YOUR TASK → Transcribe the entries below exactly from their first line through the line containing "A golden letter", and let no picture into the copy.

DATA →
┏━━

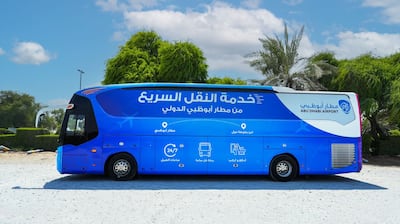 The Abu Dhabi Express shuttle bus that transports passengers between Ibn Battuta Bus Station in Dubai and Abu Dhabi International Airport. Photo: Wam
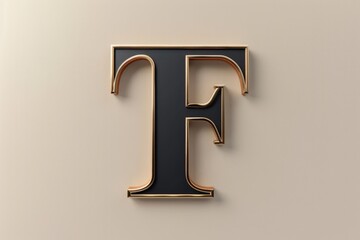 A golden letter F with a black outline on a beige or cream-colored background, possibly for decorative purposes or branding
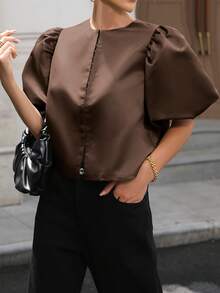 Women's Plain Color Short Sleeve Shirt, Minimalist Fashion Suitable For Summer - Coffee Brown - View 3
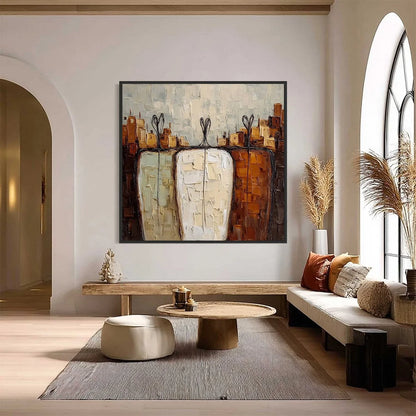 TOGETHER: Textured Impasto Abstract Figurative Painting | Figurative closeup, raised brushwork detail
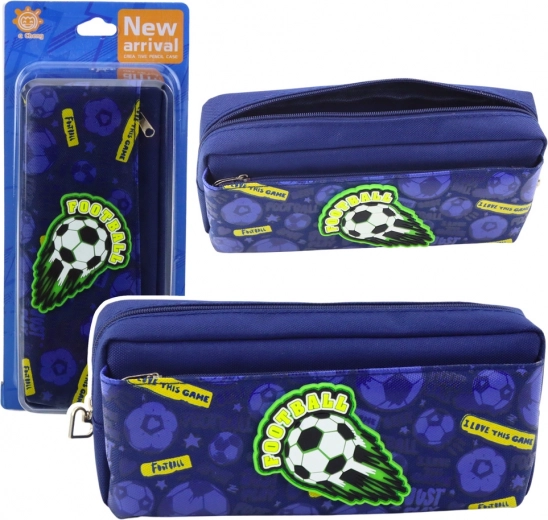 School pencil case with football motif, dark blue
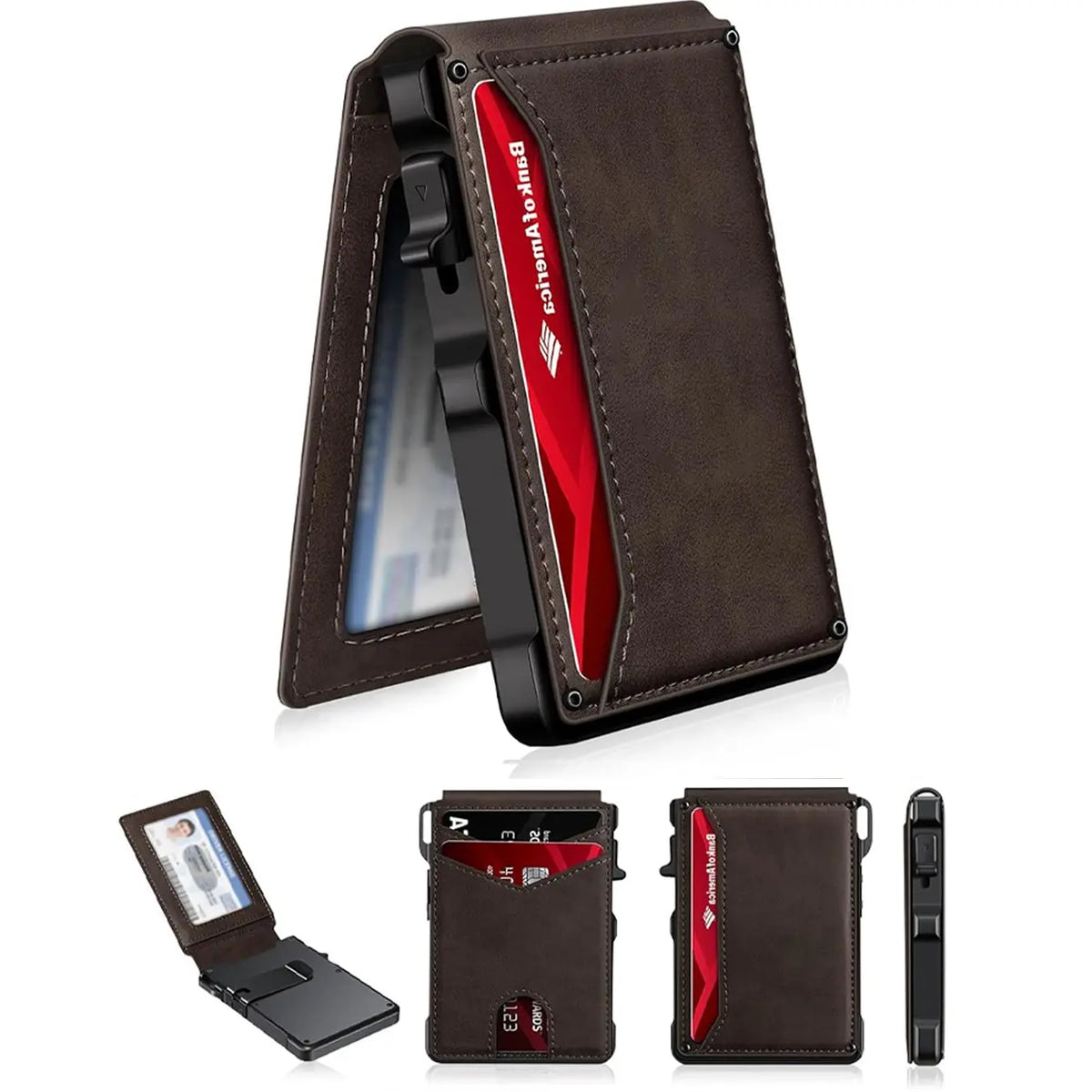 Instant Pop-Up RFID Blocking Minimalist Leather Wallet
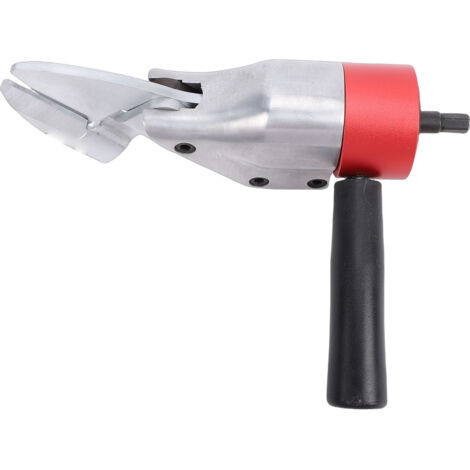 Fixation de perceuse à cisaillement pour métal, lame en acier CRV, poignée rotative à 360 degrés, coupe-feuille pour fer, aluminium, tapis, carton (1/5)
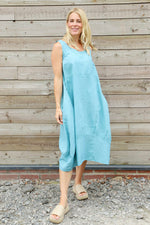 Megan Sleeveless Linen Dress Sage Green Sage Green - Megan Sleeveless Linen Dress Sage Green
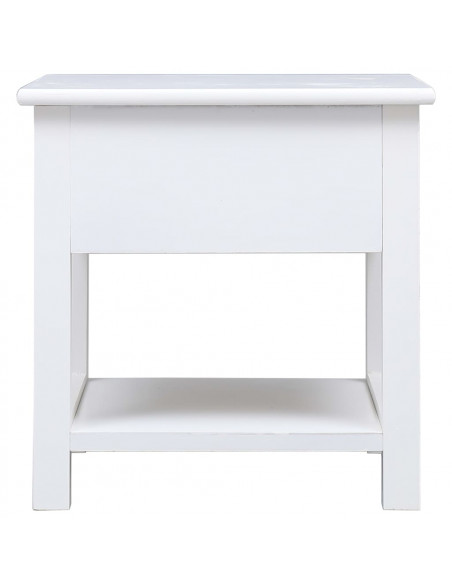Tavolino Laterale Bianco 40x40x40 cm in Legno di Paulownia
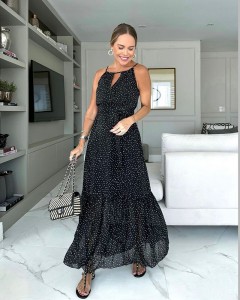 Lady custom halter loose black simple casual maxi dress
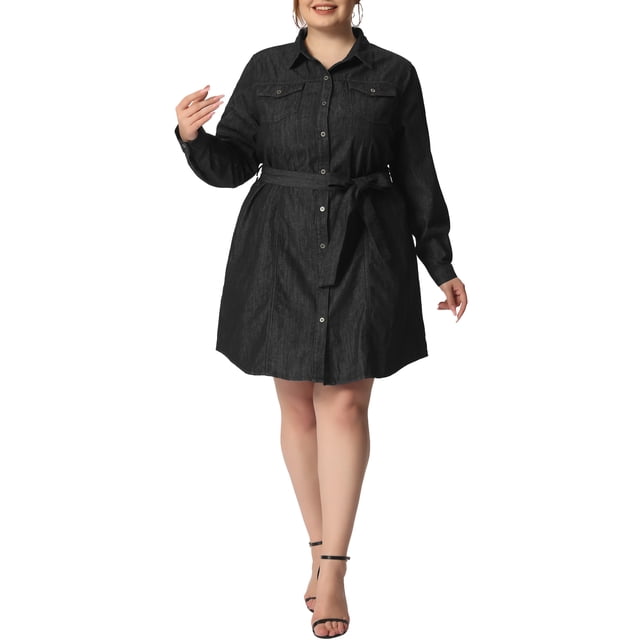 GRACE & GRANDEUR Robe-Chemise en Denim à Manches Longues à Boutons pour Femme Grande Taille Noire 4X
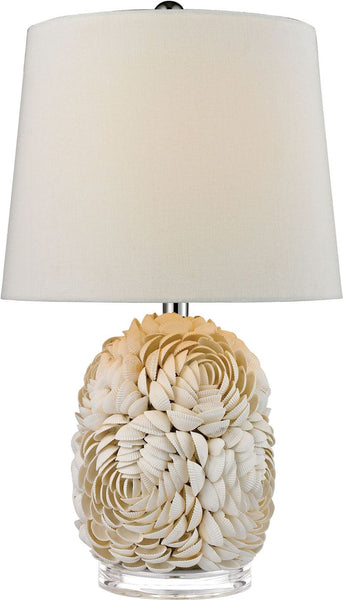 Natural Shell Table Lamp With Off White Linen Shade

┗━━

TASK OUTPUT →
 The Abu Dhabi Express shuttle bus that transports passengers between Ibn Battuta Bus Station in Dubai and Abu Dhabi International Airport. Photo: Wam
 A golden letter F with a black outline on a beige or cream-colored background, possibly for decorative purposes or branding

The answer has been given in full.